When upgrading between versions that require downtime for upgrade, it causes this error:

The stack named BlimmerTestAuroraUpgradeStack failed to deploy: UPDATE_ROLLBACK_FAILED (The following resource(s) failed to update: [DatabaseCluster68FC2945, DatabaseClusterInstance1C566869D]. ): The specified DB Instance is a member of a cluster. Modify the DB engine version for the DB Cluster using the ModifyDbCluster API (Service: Rds, Status Code: 400, Request ID: 9998e162-bb47-4ff0-a6ad-91665e964ff2), DB cluster isn't available for modification with status upgrading. (Service: Rds, Status Code: 400, Request ID: 5b967f09-58a2-42dc-aa20-3a8bffbf705a)

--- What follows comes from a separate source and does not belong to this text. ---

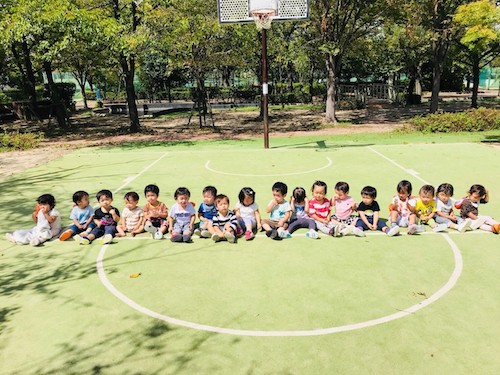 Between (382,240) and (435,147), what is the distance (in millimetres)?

Here's a test stack with the event log:

The worst part about this bug is that the Database stack is left in the unrecoverable UPDATE_ROLLBACK_FAILED state, which means that you either have to:

a) attempt to complete the rollback. this is impossible because the cluster actually upgrades even though the CloudFormation steps fail. A rollback between the new target major version and the old version is not allowed by RDS.

b) delete the stack. this obviously is not ideal because databases should not be deleted in most cases. worse, you can't update the RetentionPolicy to try to retain the database while deleting the stack.

Expected Behavior

I expected to be able to update a DatabaseCluster between major supported versions via the engine property on DatabaseCluster.

Current Behavior

As mentioned above, if you try to upgrade an Aurora cluster between major versions, you'll encounter this error, which leaves the stack in an unrecoverable state.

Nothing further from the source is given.